Shai-Hulud npm Clone Campaign Continues (May 15–18)
BleepingComputer and The Hacker News both reported new npm packages mimicking the Shai-Hulud campaign pattern (May 15–18). These are follow-on incidents to the campaign already covered in CSA’s mini-shai-hulud research note — no net-new threat actor capability documented.
Turla/Kazuar P2P Botnet Evolution (Secret Blizzard)
Russian APT Secret Blizzard (Turla) evolved its Kazuar backdoor to use peer-to-peer infrastructure for C2 resilience. Significant for government and defense sectors; outside AI-specific scope of this initiative.
Schneier Analysis: Anthropic’s Mythos AI and Offense-Defense Imbalance
Bruce Schneier published analysis on May 18 examining the offense-defense asymmetry in AI-assisted security, using Anthropic’s Mythos research as a case study. Provides strategic context for the AI-enabled threat acceleration seen throughout this cycle.
Topics Already Covered — No New Action Required
- npm Supply Chain / Shai-Hulud Worm Clones: Covered by CSA_research_note_mini-shai-hulud-ai-toolchain-supply-chain_20260518. Follow-on clone packages reported May 15–18 are the same campaign — no new note warranted.

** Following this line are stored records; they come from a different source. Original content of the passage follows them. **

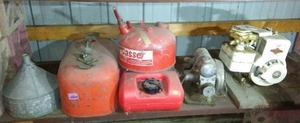 lot 712 image: Motors (2) Fuel Cans (3) And Funnel.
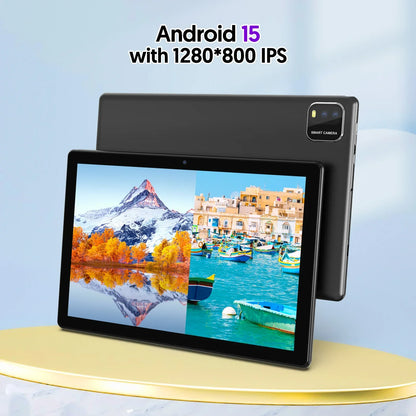 BAKEN 10-inch Android 15 tablet, quad-core processor, 12GB (3+9 expansion) RAM + 64GB storage, 5G WiFi, 1280*800 dual cameras.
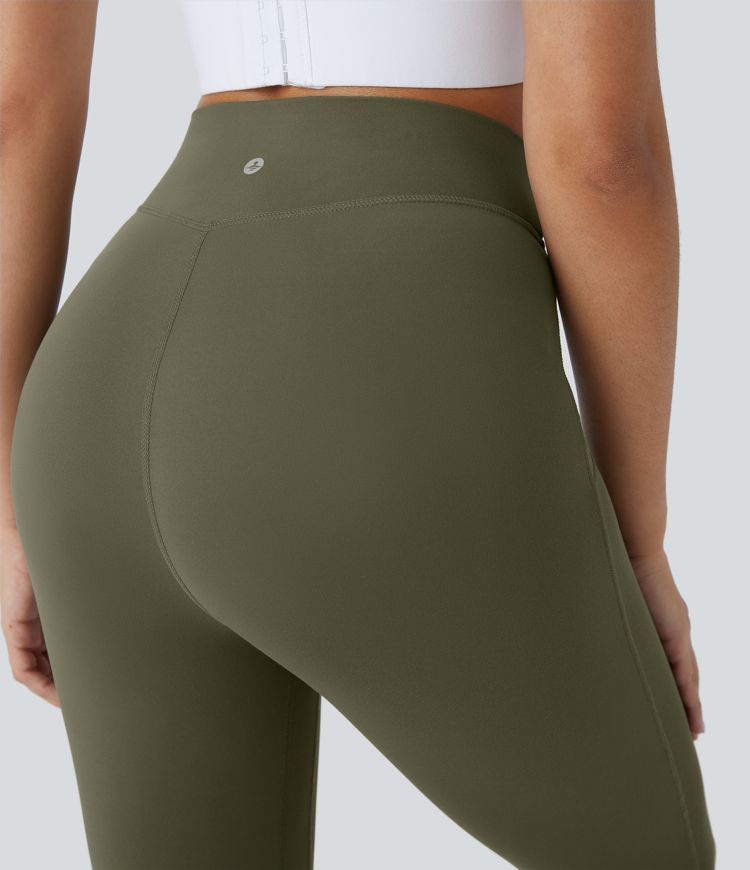 Softlyzero™ High Waist Contrast Mesh Crisscross Lace-Up Yoga 7/8 Leggings - UPF50+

- OpenClaw Claw Chain Vulnerabilities (CVE-2026-44112/44113/44115): Covered by CSA_research_note_openclaw-claw-chain-sandbox-escape_20260518. Additional THN vendor advisory coverage on May 15 does not extend the analysis.
- AI-Developed Autonomous Zero-Day Discovery: Covered by CSA_research_note_ai-developed-zero-day-autonomous-exploit_20260518. Schneier / Mythos analysis and Mozilla’s 271-bug pipeline are contextually related but within existing coverage scope.
- ENISA CVE Root Governance: Covered by CSA_research_note_enisa-cve-root-dual-governance_20260518. ENISA’s May 6 announcement of four new CNAs under its root is an operational update, not a new governance development.
- Post-Quantum Harvest-Now-Decrypt-Later: Covered by ai-infrastructure-post-quantum-harvest-now-decrypt-later-v1. Wiz companion announcement on May 18 is commercial product news, not a new research topic.